Configure related files.

Configuration file of the check end: application.yml

server:
  port: 9000
spring:
  kafka:
	bootstrap-servers: 192.168.0.114:9092 # kafka cluster address
data:
  check:
	data-path: D:\code\tool  # Local path for storing data check results.
	bucket-expect-capacity: 10 # The minimum bucket capacity is 1.
	source-uri: http://127.0.0.1:9002 # Source service address and port number (server.port).
	sink-uri: http://127.0.0.1:9001 # Source service address and port number (server.port).

Configuration file of the extraction end and source end: application-source.yml

server:
  port: 9002
spring:
  check:
	server-uri: http://127.0.0.1:9000 # Data check service address.
  extract:
	schema: test # Source data instance.
	databaseType: MS  # The source database type is set to MS (MySQL).
	debezium-enable: false #Determines whether to enable incremental debezium configuration. By default, incremental debezium configuration is disabled.
	debezium-topic:topic # The debezium listens to incremental data in tables and uses a single topic to manage incremental data.
	debezium-groupId: debezium-extract-group # **d debezium**: incremental migration topic; **groupId**:consumption group setting.
	debezium-topic-partitions: 1 # Number of debezium listening topic partitions.
	debezium-tables: # List of table names listened by Debezium in debezium-tables. This configuration is configured and takes effect only on the source server.
		table1,
		table2
	debezium-time-period: 1 # debezium incremental migration check period (24 x 60, in minutes)
	debezium-num-period: 1000 # Specifies the threshold of incremental change records in debezium incremental migration check statistics.

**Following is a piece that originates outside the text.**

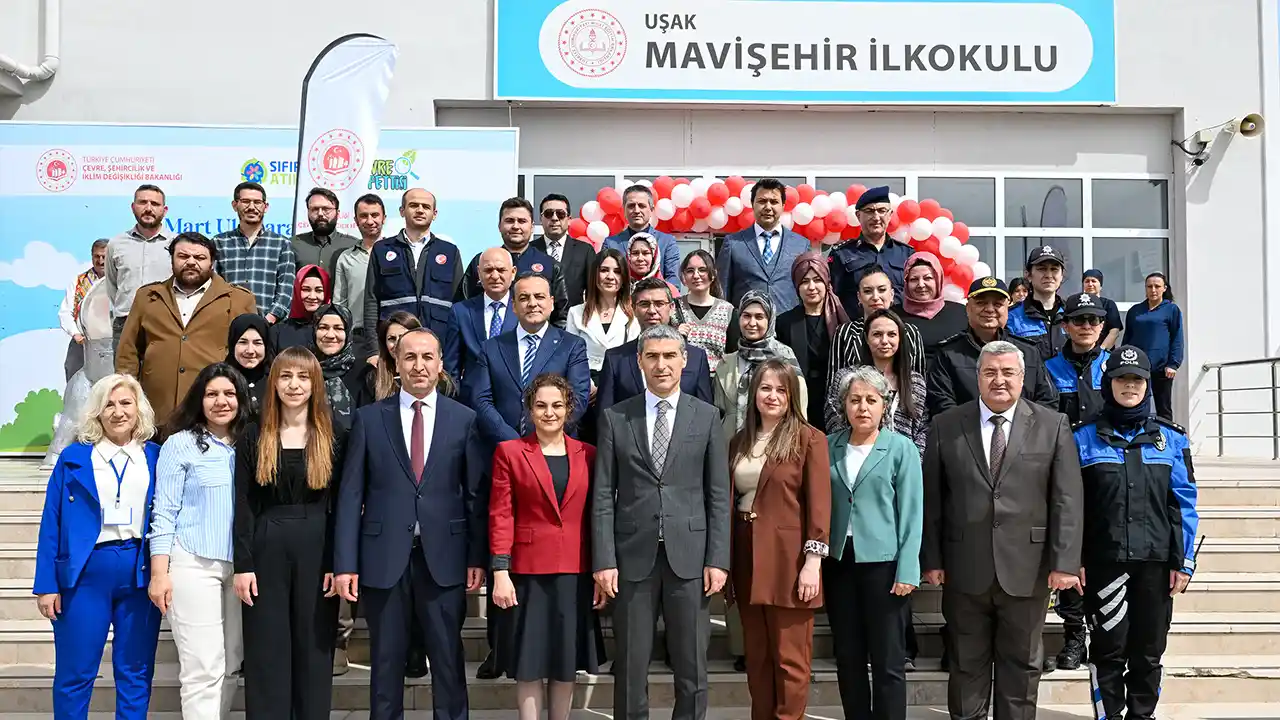 Usak Sıfır Atık Günü Vali Okul2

The default value is 1000. The threshold must be greater than 100.
  datasource:
	druid:
	  dataSourceOne:
		driver-class-name: com.mysql.cj.jdbc.Driver
		url: jdbc:mysql://127.0.0.1:3306/test?useSSL=false&useUnicode=true&characterEncoding=utf-8&serverTimezone=UTC&allowPublicKeyRetrieval=true
		username: jack #User name of the source MySQL database for check.
		password: test@123 #User name and password of the source MySQL database for check.

Configuration file of the extraction end and target end: application-sink.yml

server:
  port: 9001
spring:
  check:
	server-uri: http://127.0.0.1:9000 # Data check service address.
  extract:
	schema: test # The sink openGauss is used to check the data schema.
	databaseType: OG  # The sink database type is set to OG (openGauss).
  datasource:
	druid:
	  dataSourceOne:
		driver-class-name: org.opengauss.Driver
		# The sink openGauss is used to check the database link address.
		url: jdbc:opengauss://127.0.0.1:15432/test?useSSL=false&useUnicode=true&characterEncoding=utf-8&serverTimezone=UTC&batchMode=OFF
		username: jack #User name of the sink openGauss for check.
		password: test@123 #User name and password of the sink openGauss for check.

Start the service.

Start the ZooKeeper.

cd /data/kafka/confluent-7.2.0
bin/zookeeper-server-start -daemon etc/kafka/zookeeper.properties

Start Kafka.

bin/kafka-server-start.sh -daemon etc/kafka/server.properties

The connect debezium connector is started (incremental check is required). The mysql-conect.properties file is used to configure the debezium connector.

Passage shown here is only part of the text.